Quand les incidents graves menaçaient la paix générale, la procédure d'arbitrage jouait immédiatement. Deux exemples suffisent à le prouver.
En 1472 un riche habitant de Lanusse, Pedro de Lanusse, se plaignait en vain auprès des jurats de sa vallée d'un vol de troupeau fait à son détriment par le clan du notaire de Sallent, Blasco Narros. Ce Pedro Lanusse avait un frère installé en Ossau ; il monta avec lui l'opération suivante :
des Ossalois franchirent la crête à Formiguière, s'emparèrent d'un troupeau de juments appartenant au notaire de Sallent, conduisirent les bêtes dans la ferme ossaloise des Lanusse. Celles-ci furent vendues à l'encan et l'argent partagé.

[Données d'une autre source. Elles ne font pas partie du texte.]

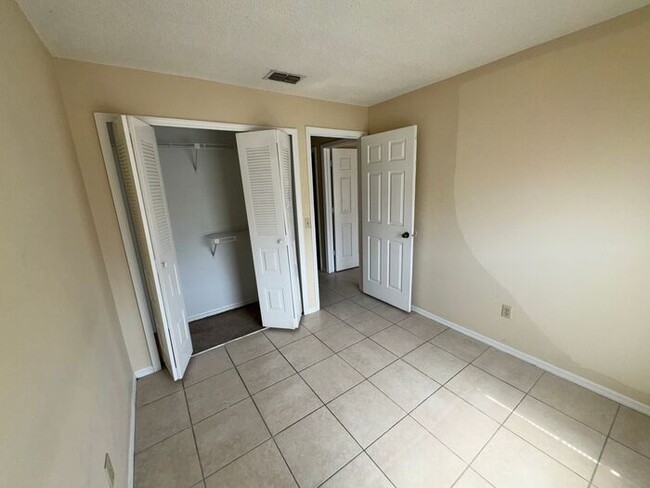 Building Photo - 1608 Long Ridge Ct
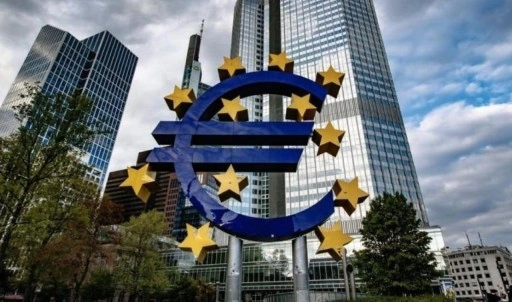 Euro Bölgesi'nde yatırımcı güveni çöktü: Trump'ın gümrük vergileri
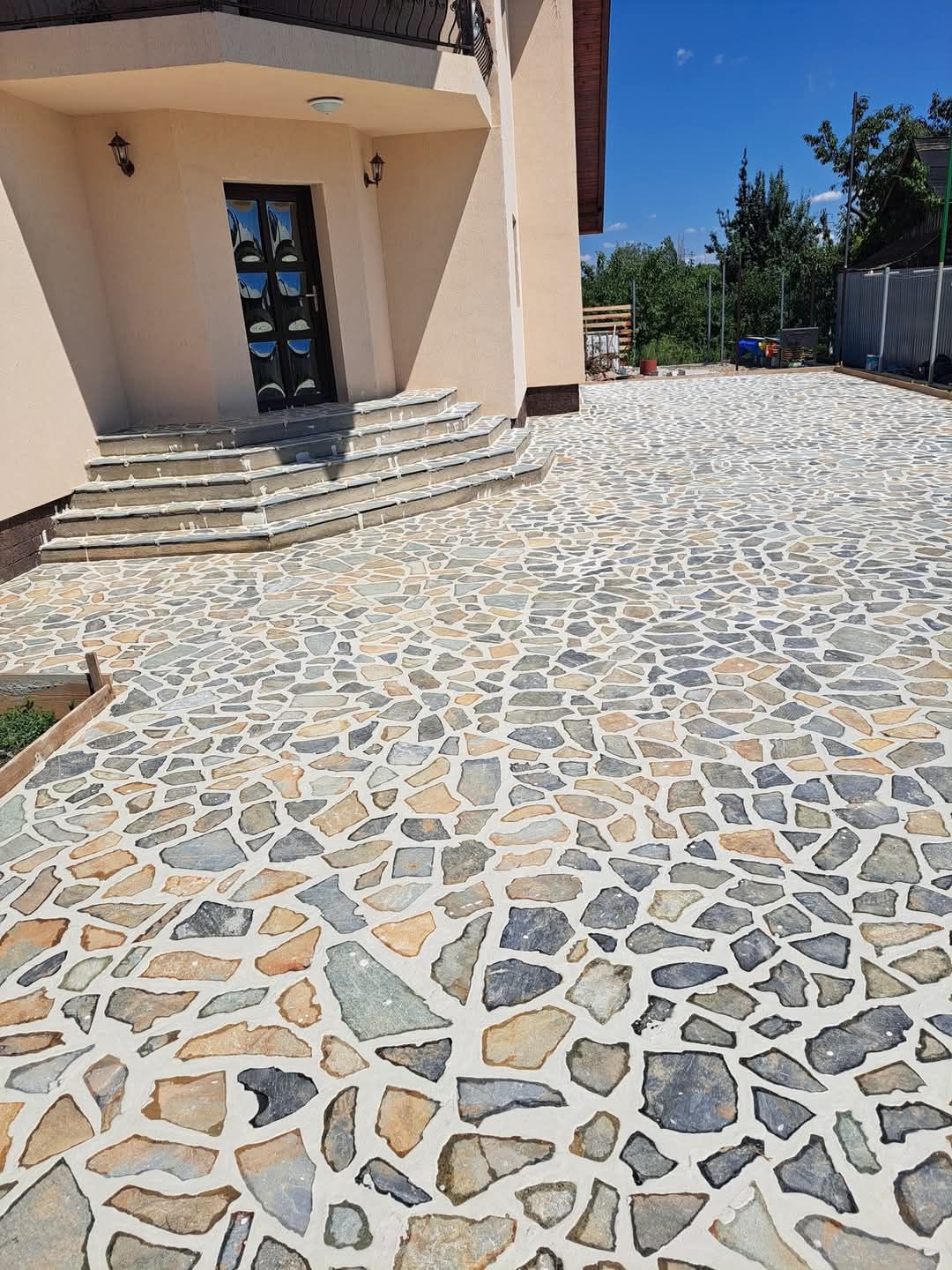 Pavajul din piatră naturală din Grecia este disponibil într-o nuanță e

Le notaire Blasco Narros réclama en vain une compensation à la vallée d'Ossau ; le cas n'avait pas été prévu par la charte de paix, et d'ailleurs il s'agissait d'une affaire mettant aux prises, pour le principal, deux familles aragonaises. Furieux, le notaire se fit justice lui-même ; il vint en personne au port d'Aas, enleva des juments ossaloises et les vendit à son profit.
De vendetta en vendetta, les deux vallées étaient menacées d'un conflit général. Le 1 er septembre 1472, six prud’hommes d'Ossau se réunissent aux cabanes d'Anéou, pendant que six prud’hommes aragonais faisaient
de même à Formiguière.
Ils se rencontrèrent le 2, à la frontière, en présence de Bertrand de Coerey, notaire d'Ossau, et de Pedro Lacasa, notaire d'Aragon.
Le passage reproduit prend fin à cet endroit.